Please keep pictures out and return the lines below exactly, from the one holding "CarouselCalendars Kittens Mini Kalender 2026" through the last, both included.

Web page caption snippets:
##########
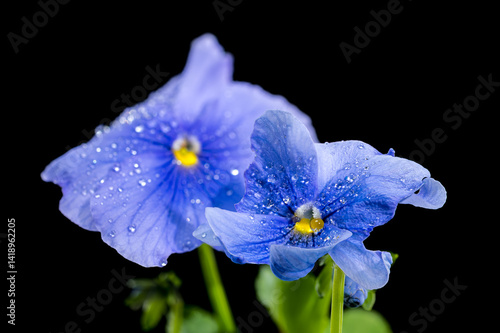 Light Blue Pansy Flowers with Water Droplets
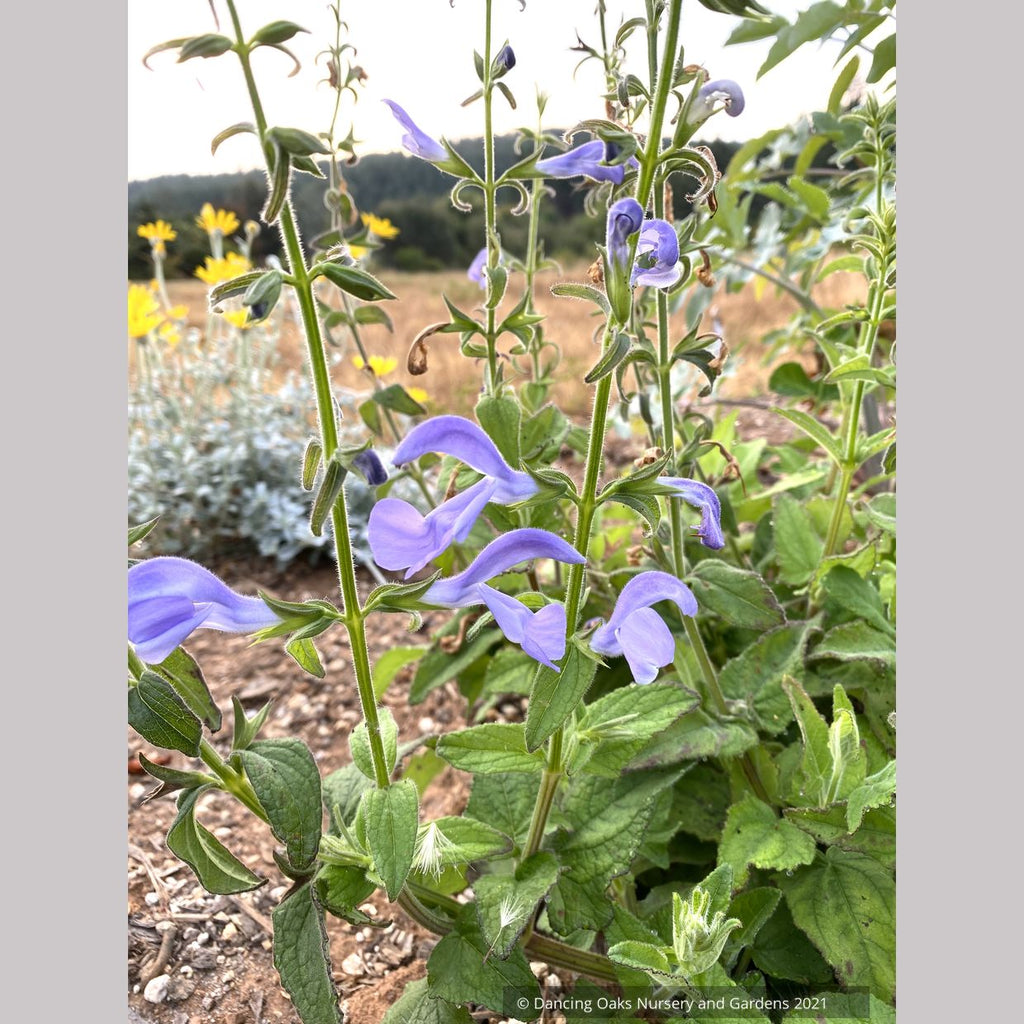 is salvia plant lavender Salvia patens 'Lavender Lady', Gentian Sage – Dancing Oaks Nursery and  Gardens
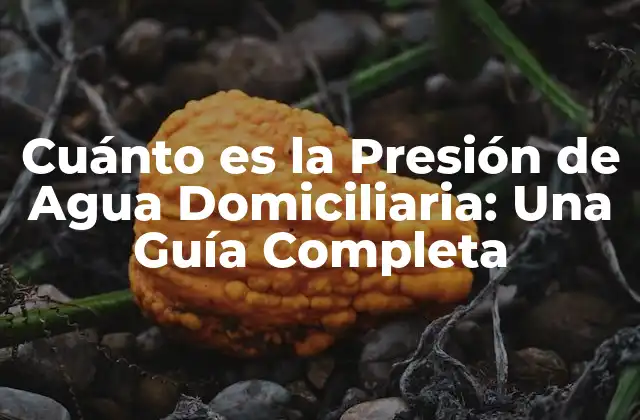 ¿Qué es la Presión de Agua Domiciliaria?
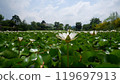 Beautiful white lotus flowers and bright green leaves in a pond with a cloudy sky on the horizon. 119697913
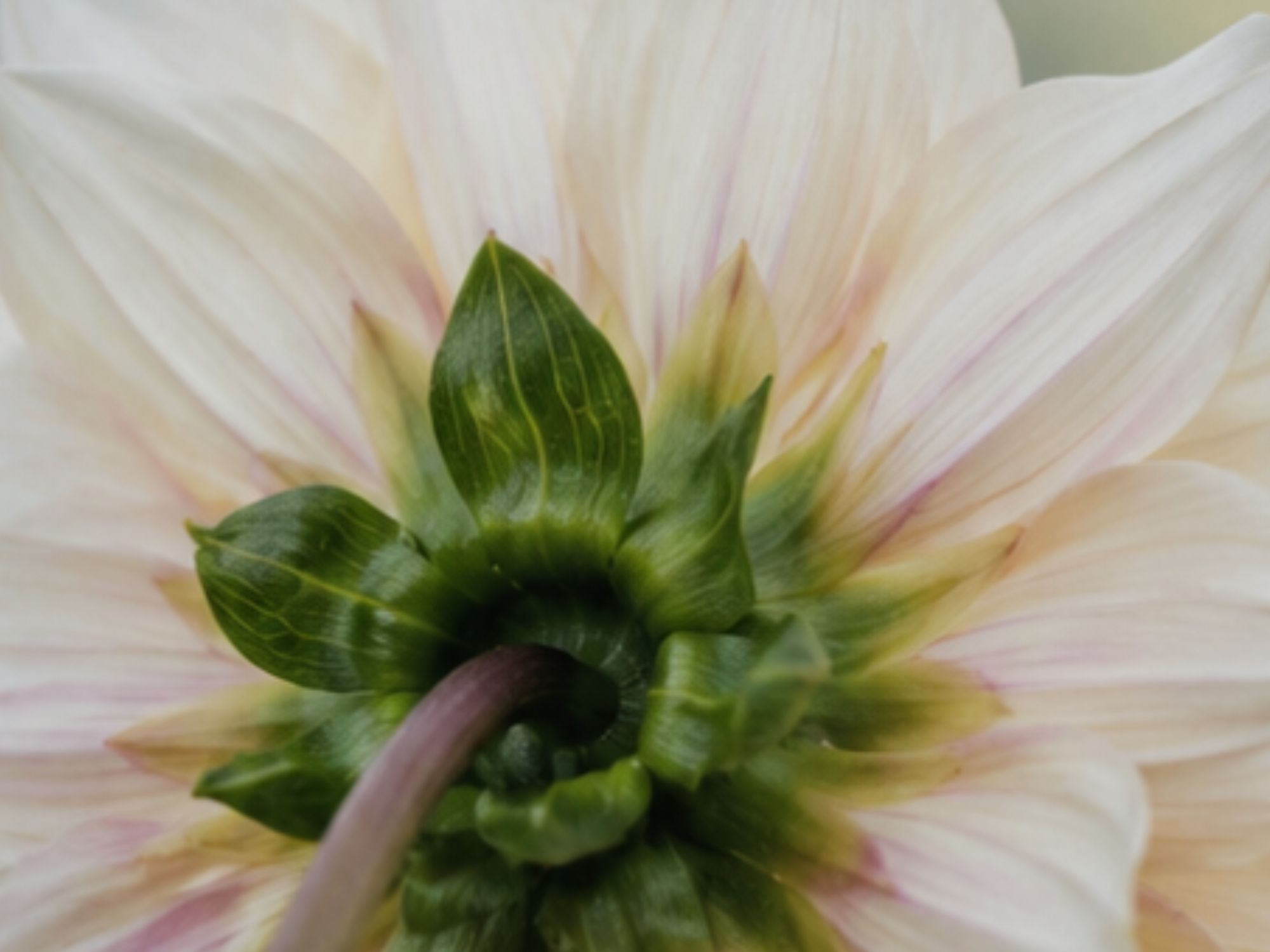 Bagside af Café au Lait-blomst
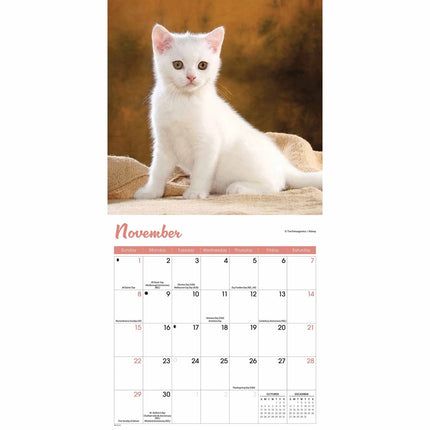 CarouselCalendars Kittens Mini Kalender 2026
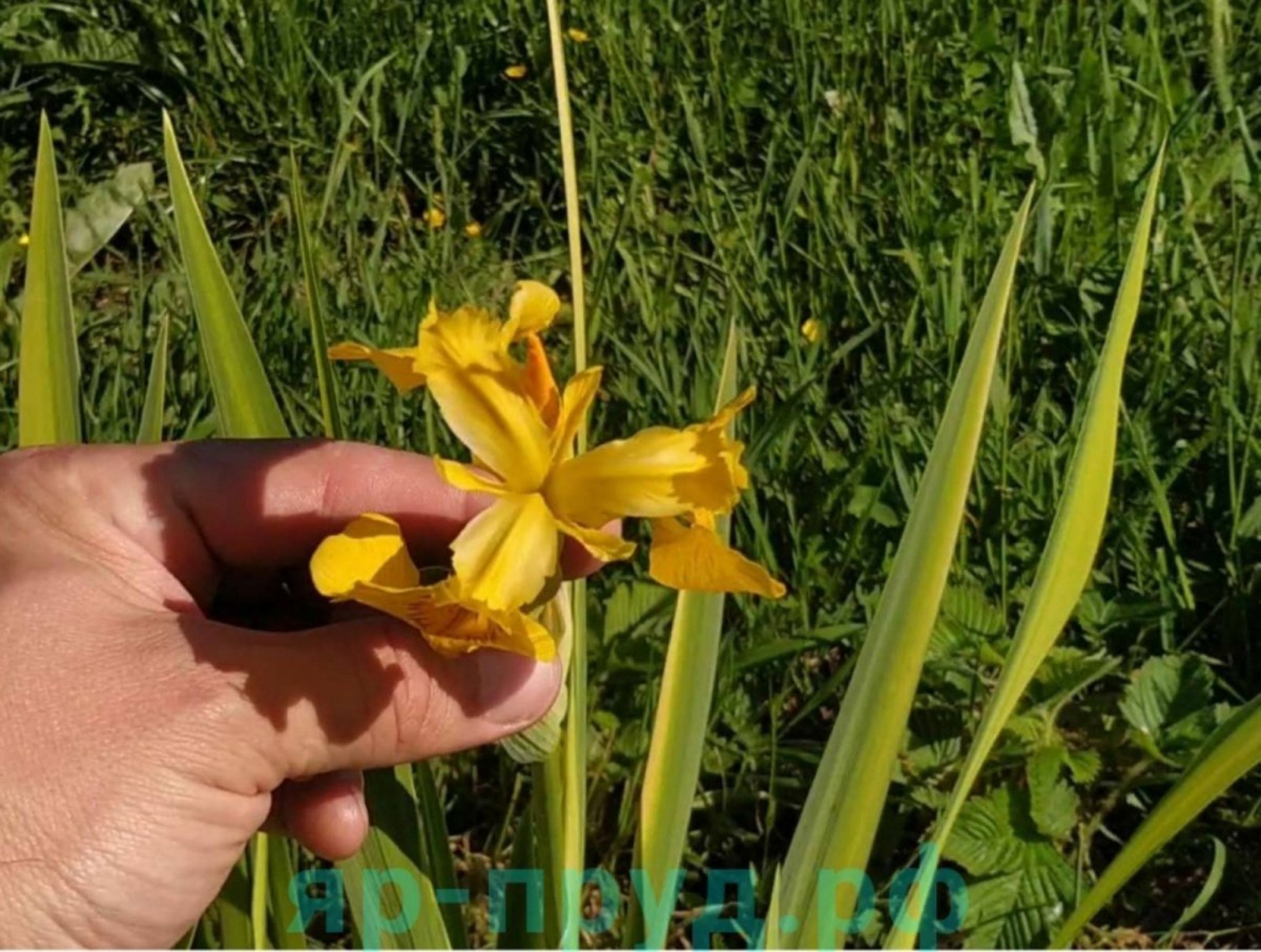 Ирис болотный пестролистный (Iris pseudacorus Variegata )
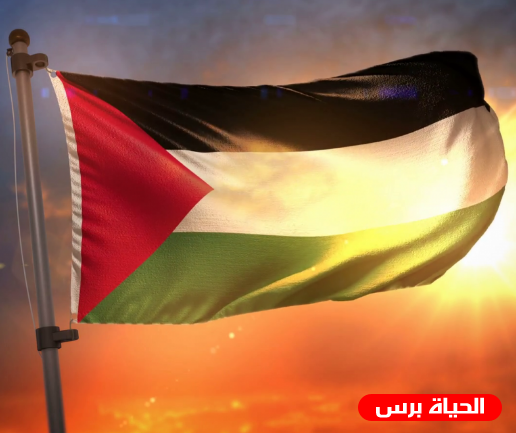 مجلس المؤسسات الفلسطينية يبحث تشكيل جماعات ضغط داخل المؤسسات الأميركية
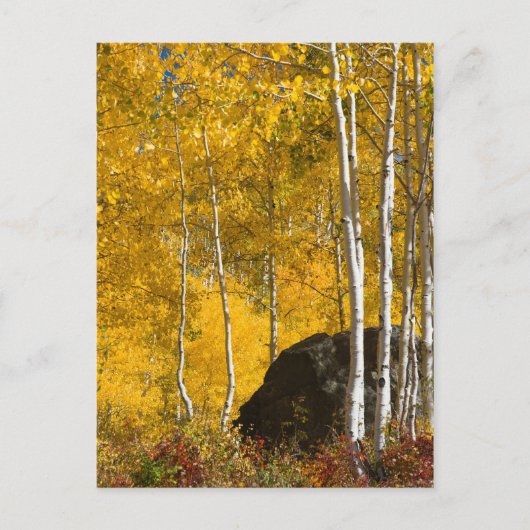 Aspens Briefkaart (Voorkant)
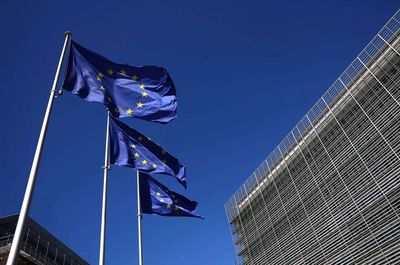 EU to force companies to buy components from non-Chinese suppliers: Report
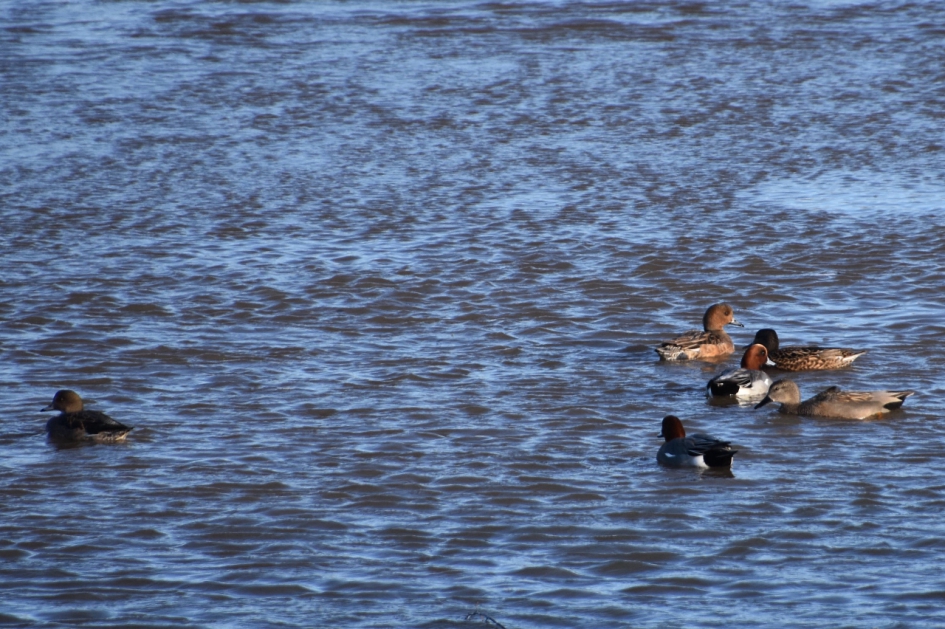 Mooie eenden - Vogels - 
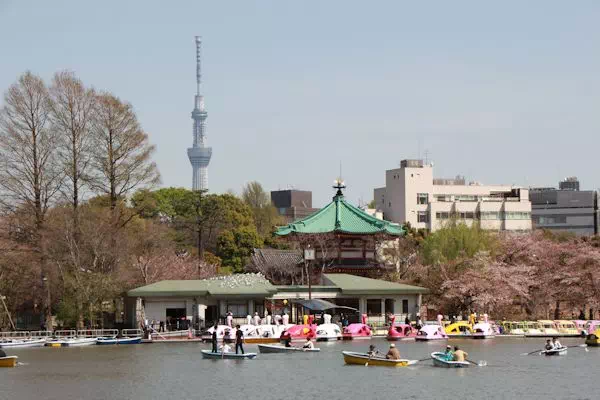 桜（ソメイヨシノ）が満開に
##########
* _Solution_
 CarouselCalendars Kittens Mini Kalender 2026
 Ирис болотный пестролистный (Iris pseudacorus Variegata )
 مجلس المؤسسات الفلسطينية يبحث تشكيل جماعات ضغط داخل المؤسسات الأميركية
 Aspens Briefkaart (Voorkant)
 EU to force companies to buy components from non-Chinese suppliers: Report
 Mooie eenden - Vogels - 
 桜（ソメイヨシノ）が満開に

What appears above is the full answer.